• _Task to complete_
In the listing below, the answer starts at the line that has "Also, if you" and stops after the line that has "First what you"; please repeat that part exactly and nothing more.
BEGIN Records provided
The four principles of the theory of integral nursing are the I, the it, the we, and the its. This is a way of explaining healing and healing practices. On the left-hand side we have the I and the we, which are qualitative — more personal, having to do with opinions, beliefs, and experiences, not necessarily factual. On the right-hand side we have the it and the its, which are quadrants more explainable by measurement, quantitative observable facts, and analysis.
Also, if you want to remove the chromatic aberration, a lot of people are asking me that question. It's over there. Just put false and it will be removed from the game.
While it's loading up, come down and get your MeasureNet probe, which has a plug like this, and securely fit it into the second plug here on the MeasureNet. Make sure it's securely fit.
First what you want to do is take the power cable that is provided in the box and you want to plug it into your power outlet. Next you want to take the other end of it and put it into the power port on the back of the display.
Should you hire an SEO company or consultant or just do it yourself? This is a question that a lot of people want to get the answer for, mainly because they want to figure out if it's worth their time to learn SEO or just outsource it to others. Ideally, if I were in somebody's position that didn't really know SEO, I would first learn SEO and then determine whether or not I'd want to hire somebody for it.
END Records provided
BEGIN Records provided
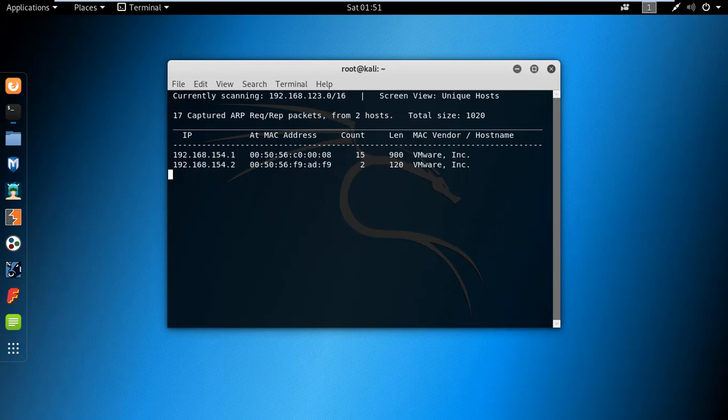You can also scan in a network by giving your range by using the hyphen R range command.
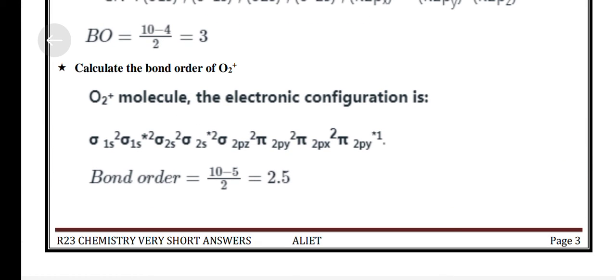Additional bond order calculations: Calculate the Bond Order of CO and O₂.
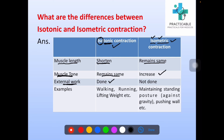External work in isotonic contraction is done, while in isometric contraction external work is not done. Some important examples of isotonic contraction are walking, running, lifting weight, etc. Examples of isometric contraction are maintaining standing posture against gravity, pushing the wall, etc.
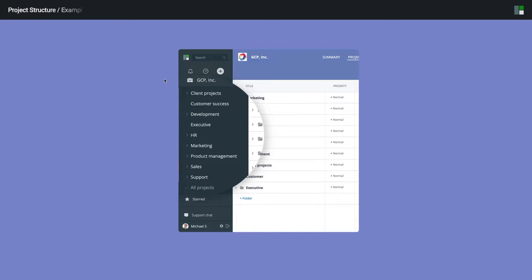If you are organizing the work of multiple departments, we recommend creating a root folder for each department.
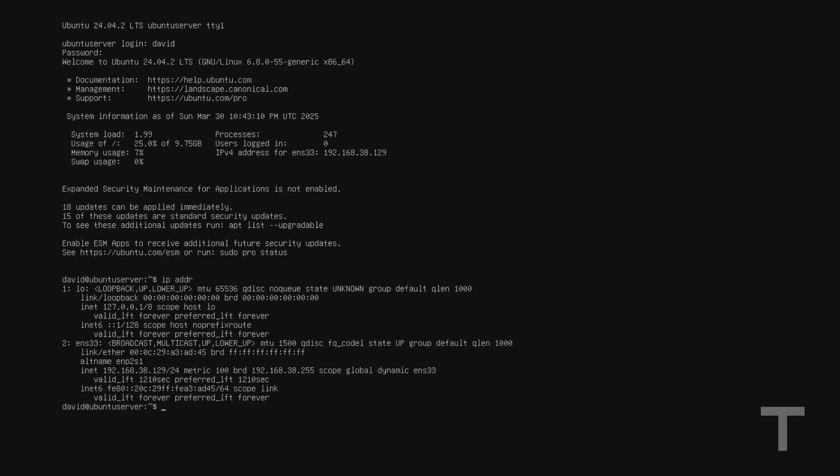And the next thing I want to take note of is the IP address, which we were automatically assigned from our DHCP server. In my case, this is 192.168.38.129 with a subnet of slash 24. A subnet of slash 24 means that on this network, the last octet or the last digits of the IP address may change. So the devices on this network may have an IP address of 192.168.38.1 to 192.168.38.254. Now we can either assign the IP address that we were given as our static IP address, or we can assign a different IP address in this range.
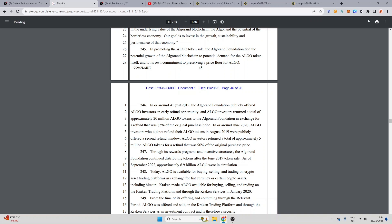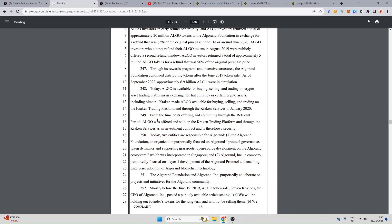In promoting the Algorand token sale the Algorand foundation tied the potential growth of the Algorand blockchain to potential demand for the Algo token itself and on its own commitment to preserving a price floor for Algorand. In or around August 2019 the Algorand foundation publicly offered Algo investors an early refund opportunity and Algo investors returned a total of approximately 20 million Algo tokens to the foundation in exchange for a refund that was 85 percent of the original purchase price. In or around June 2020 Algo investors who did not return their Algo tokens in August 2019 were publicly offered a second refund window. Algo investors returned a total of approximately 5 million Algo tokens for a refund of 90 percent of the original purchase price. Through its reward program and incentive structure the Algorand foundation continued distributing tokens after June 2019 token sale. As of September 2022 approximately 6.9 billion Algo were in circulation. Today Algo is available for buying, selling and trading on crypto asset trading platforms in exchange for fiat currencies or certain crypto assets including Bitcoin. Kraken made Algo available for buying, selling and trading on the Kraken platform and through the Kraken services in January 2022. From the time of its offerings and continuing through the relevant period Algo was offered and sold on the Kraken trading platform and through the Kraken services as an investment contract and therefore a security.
END Records provided
BEGIN Records provided
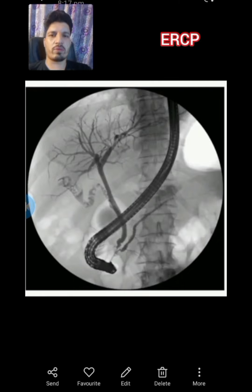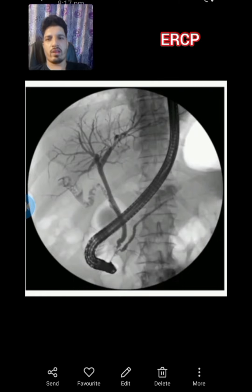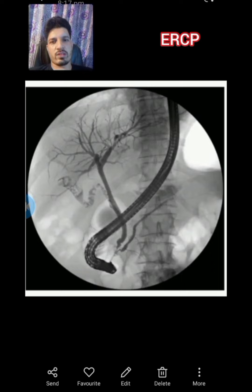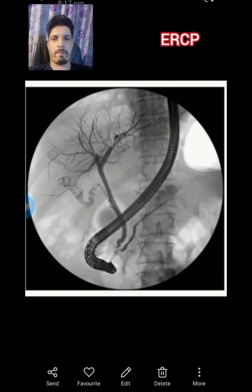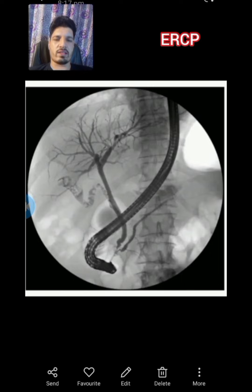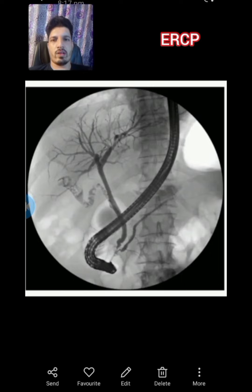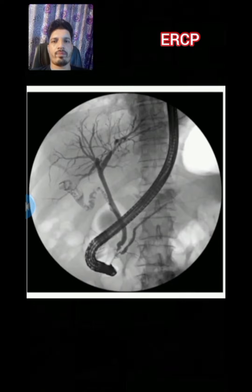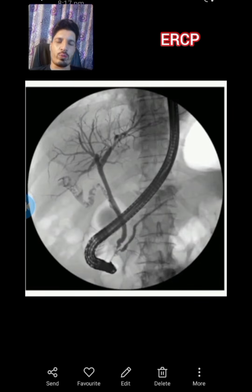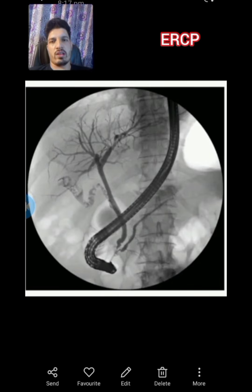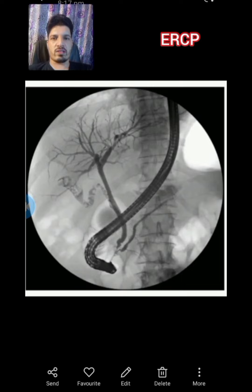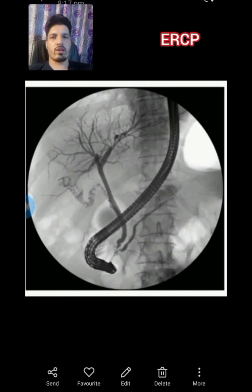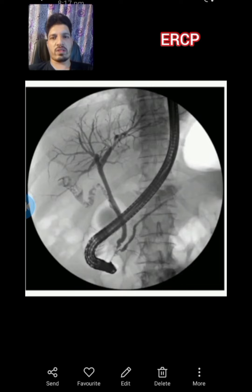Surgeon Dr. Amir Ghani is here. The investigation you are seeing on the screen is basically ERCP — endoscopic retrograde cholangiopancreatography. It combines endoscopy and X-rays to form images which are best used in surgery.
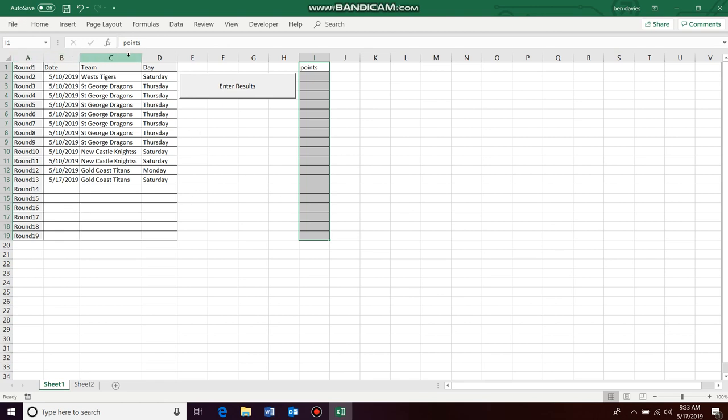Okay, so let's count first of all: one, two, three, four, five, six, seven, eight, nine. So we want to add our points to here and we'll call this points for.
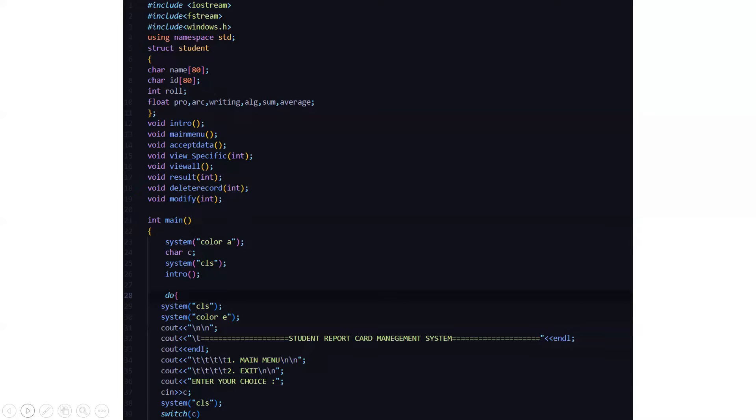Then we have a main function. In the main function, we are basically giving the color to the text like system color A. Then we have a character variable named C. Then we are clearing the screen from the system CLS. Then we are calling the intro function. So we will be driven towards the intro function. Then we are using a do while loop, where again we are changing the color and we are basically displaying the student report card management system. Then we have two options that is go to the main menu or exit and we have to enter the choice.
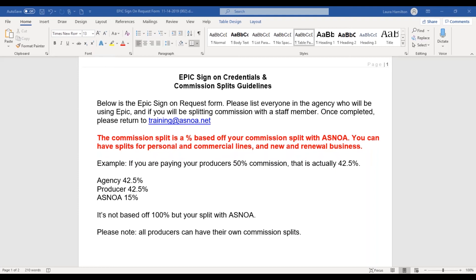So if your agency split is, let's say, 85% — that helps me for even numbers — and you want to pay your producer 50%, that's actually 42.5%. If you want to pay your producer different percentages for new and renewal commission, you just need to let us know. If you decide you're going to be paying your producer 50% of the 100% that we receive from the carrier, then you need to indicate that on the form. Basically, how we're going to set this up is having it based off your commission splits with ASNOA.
END Records provided
• _Exercise response_
Also, if you want to remove the chromatic aberration, a lot of people are asking me that question. It's over there. Just put false and it will be removed from the game.
While it's loading up, come down and get your MeasureNet probe, which has a plug like this, and securely fit it into the second plug here on the MeasureNet. Make sure it's securely fit.
First what you want to do is take the power cable that is provided in the box and you want to plug it into your power outlet. Next you want to take the other end of it and put it into the power port on the back of the display.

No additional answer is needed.